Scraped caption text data
• • • • •

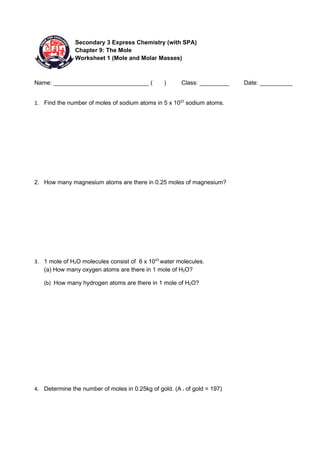 Worksheet 1 (Mole And Molar Masses)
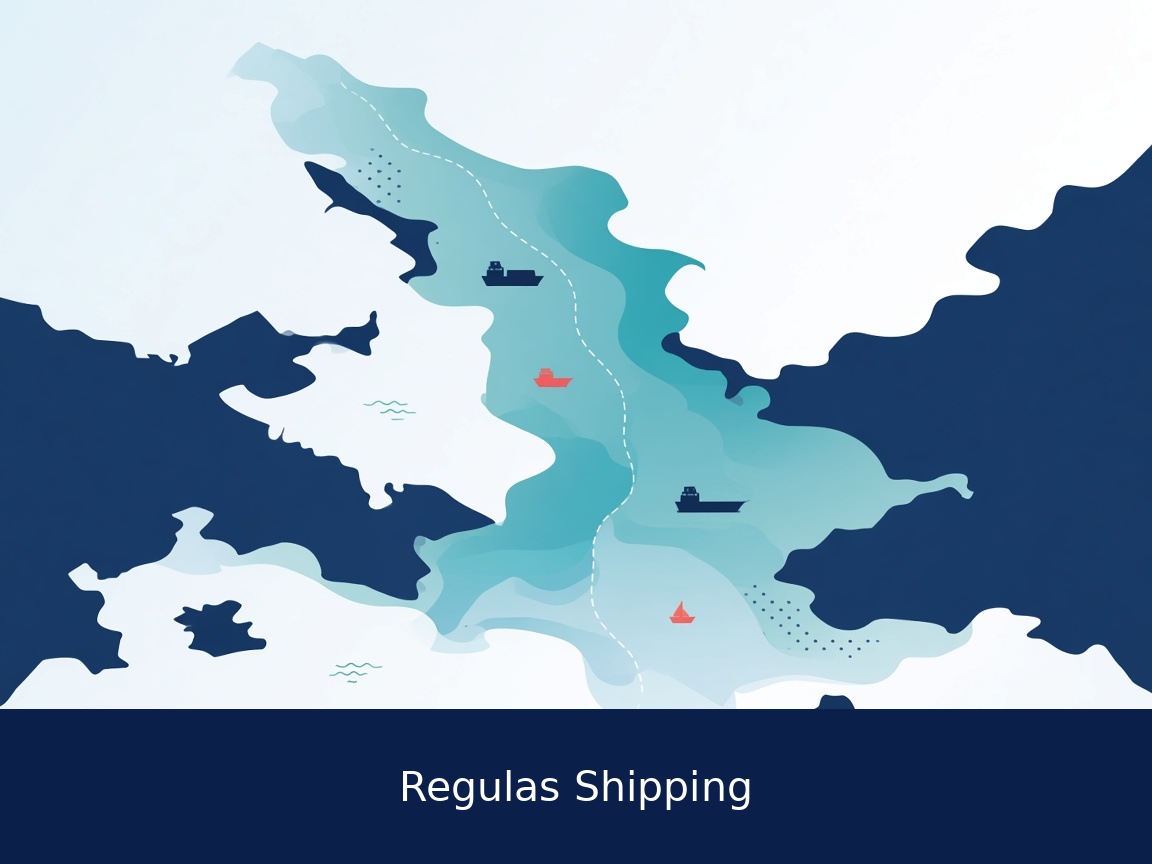 Light-theme strait map with navy coastlines and a few ships, Regulas Shipping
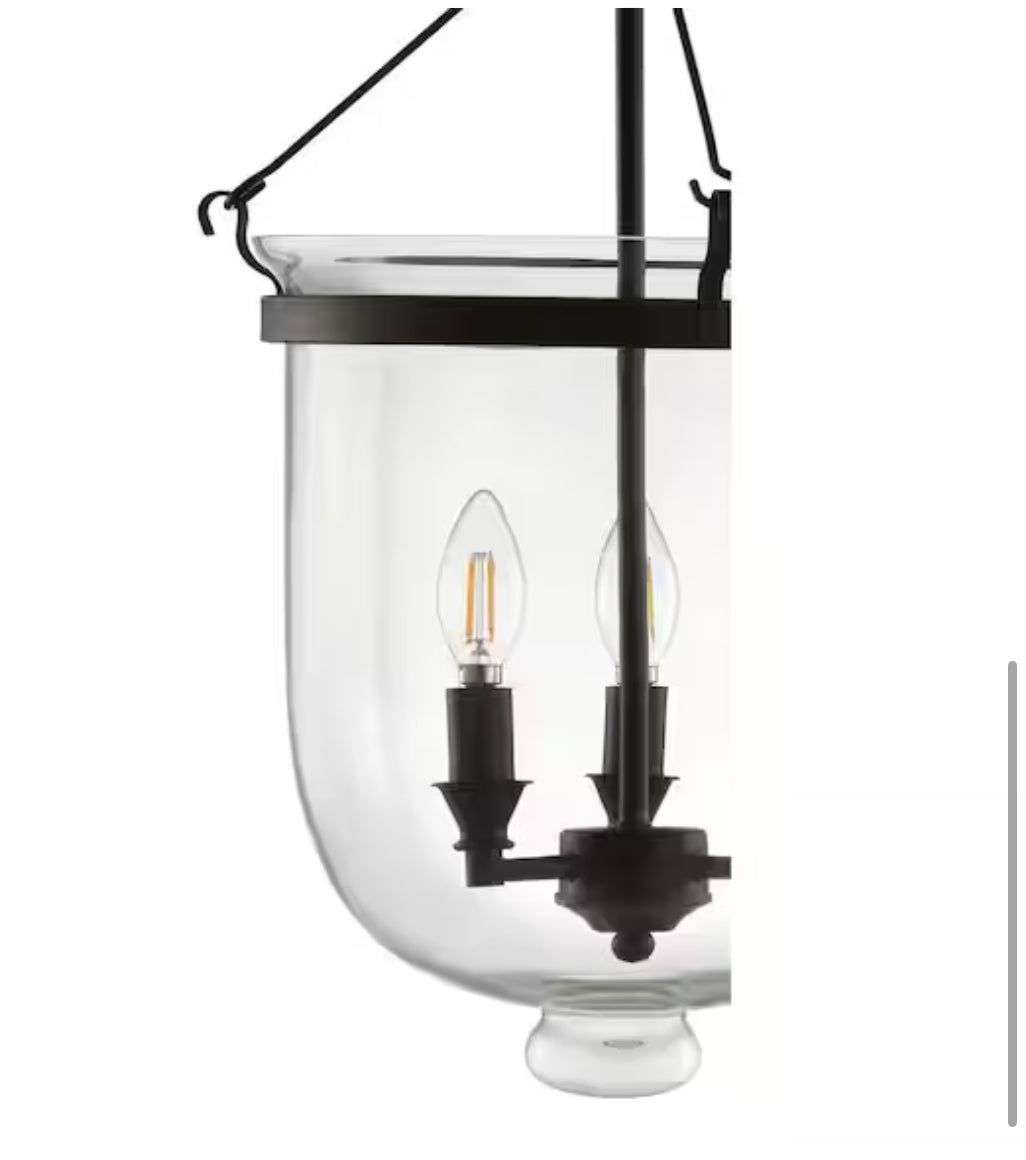 Charlotte 14.5 in. Oil Rubbed Bronze Metal/Glass LED Semi-Flush Mount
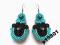 Piękne turkusowo czarne kolczyki sutasz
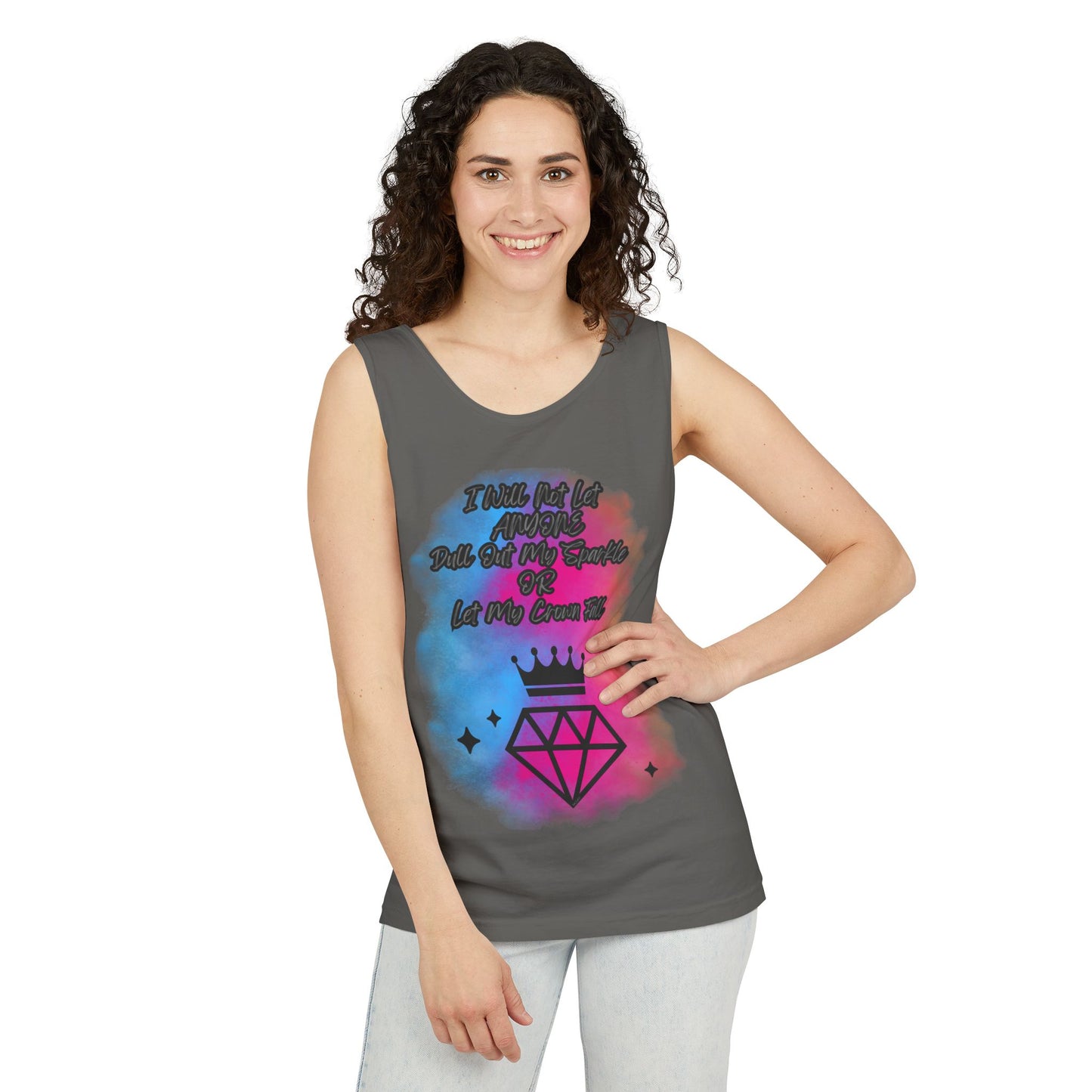 Empowering Unisex Garment-Dyed Tank Top - "I Will Not Let Anyone Put Out My Sparkle" Design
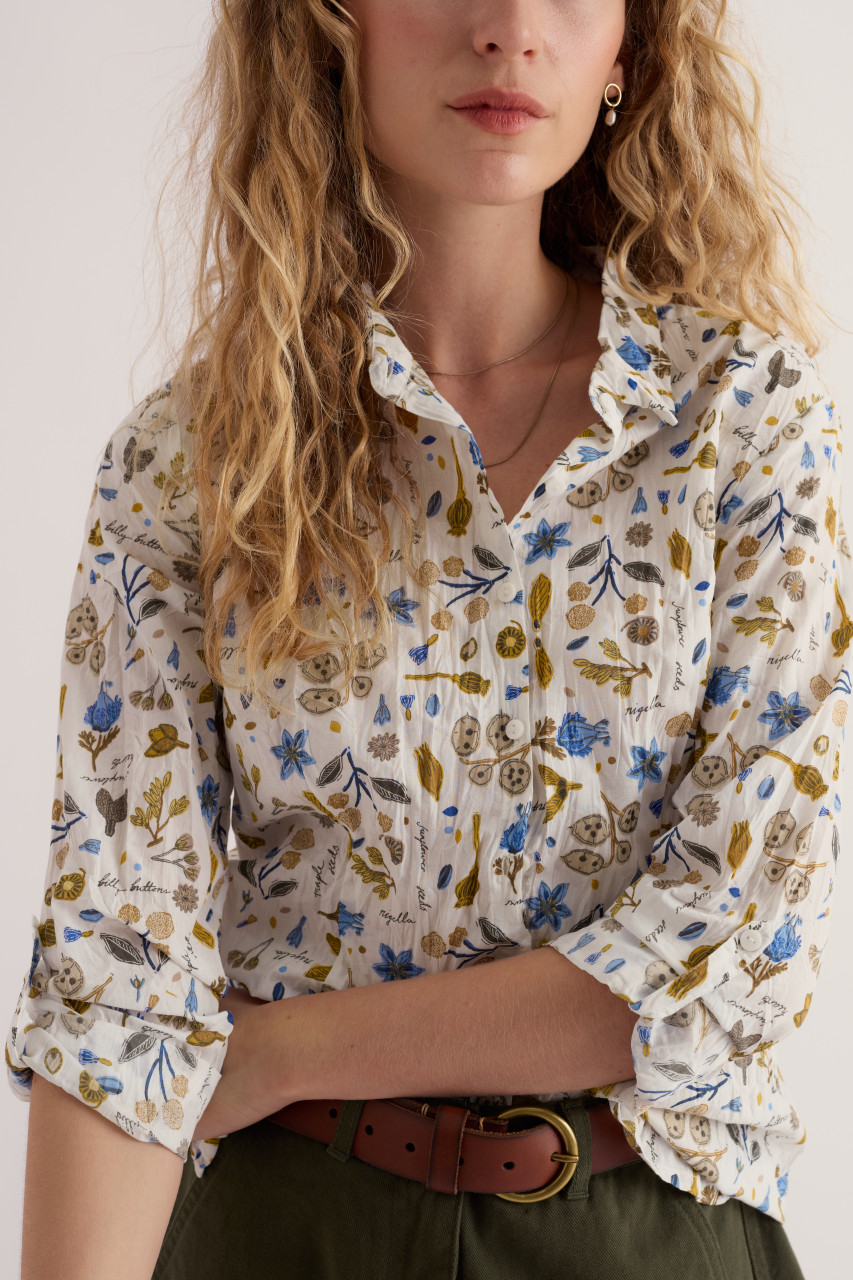 Seasalt Bluse Larissa Damen Weiß Gelb Blau Blumen Floral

• • • • •

▶ [Description of the task]:
Set each line of the records down again exactly as it reads. Omit the pictures.

▶ [Final answer]:
 Worksheet 1 (Mole And Molar Masses)
 Light-theme strait map with navy coastlines and a few ships, Regulas Shipping
 Charlotte 14.5 in. Oil Rubbed Bronze Metal/Glass LED Semi-Flush Mount
 Piękne turkusowo czarne kolczyki sutasz
 Empowering Unisex Garment-Dyed Tank Top - "I Will Not Let Anyone Put Out My Sparkle" Design
 Seasalt Bluse Larissa Damen Weiß Gelb Blau Blumen Floral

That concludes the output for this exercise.